'''

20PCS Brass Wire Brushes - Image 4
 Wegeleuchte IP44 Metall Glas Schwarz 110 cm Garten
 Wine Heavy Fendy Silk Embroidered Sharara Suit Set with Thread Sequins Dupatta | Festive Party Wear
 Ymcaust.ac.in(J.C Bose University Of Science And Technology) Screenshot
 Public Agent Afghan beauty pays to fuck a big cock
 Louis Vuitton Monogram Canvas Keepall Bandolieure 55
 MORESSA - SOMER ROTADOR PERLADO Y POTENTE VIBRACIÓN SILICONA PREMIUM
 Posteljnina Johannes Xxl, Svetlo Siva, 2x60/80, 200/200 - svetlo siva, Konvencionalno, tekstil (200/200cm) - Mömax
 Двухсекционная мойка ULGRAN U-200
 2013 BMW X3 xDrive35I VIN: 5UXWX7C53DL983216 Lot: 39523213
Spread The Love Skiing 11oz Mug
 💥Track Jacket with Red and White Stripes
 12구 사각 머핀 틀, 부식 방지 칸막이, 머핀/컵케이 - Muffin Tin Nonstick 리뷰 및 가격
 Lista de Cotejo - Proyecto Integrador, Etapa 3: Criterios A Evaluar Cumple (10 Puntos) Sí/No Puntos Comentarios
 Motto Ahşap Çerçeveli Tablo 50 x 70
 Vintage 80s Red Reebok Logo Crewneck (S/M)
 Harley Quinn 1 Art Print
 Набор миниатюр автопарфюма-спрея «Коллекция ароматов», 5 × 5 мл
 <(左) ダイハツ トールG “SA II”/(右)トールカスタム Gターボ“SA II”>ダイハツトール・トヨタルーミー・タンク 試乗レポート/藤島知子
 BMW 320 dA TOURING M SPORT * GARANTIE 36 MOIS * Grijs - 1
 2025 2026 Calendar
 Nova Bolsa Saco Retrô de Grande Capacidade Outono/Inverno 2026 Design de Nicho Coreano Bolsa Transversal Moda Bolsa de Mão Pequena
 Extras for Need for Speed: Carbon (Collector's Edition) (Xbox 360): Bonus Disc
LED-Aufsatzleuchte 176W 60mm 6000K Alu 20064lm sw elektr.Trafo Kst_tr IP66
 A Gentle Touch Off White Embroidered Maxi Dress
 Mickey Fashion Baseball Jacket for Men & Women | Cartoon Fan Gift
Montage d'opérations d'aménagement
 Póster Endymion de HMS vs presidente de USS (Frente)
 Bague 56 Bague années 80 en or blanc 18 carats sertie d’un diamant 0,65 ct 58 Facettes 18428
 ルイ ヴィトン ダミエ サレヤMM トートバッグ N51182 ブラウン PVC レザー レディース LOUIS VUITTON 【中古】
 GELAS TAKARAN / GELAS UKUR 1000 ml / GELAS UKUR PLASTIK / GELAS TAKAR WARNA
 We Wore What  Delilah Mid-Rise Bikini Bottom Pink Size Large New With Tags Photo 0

'''

**WORK REQUEST:**
How many lines of the data above include the word "White"? Only that number should be returned.

**RESULT FOR THIS EXERCISE:**
2